If a line of the records contains the word "Image", list it.
- - - - - - -
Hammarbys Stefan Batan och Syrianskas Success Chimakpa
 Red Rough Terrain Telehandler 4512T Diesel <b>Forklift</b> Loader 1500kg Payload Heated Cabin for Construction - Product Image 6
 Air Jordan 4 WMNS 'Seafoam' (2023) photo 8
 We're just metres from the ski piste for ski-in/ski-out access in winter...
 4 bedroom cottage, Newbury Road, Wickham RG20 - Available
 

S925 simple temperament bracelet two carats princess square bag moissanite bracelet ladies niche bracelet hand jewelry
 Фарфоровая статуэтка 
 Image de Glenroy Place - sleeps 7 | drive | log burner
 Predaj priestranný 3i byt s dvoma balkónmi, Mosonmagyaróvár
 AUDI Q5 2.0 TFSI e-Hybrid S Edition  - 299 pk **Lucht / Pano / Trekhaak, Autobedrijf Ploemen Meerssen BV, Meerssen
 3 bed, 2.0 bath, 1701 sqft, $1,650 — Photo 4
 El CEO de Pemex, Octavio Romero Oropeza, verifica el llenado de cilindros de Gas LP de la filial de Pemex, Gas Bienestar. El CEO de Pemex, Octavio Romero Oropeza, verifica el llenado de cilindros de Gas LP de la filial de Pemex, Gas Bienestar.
- - - - - - -
> [Output of the task]:
 Red Rough Terrain Telehandler 4512T Diesel <b>Forklift</b> Loader 1500kg Payload Heated Cabin for Construction - Product Image 6
 Image de Glenroy Place - sleeps 7 | drive | log burner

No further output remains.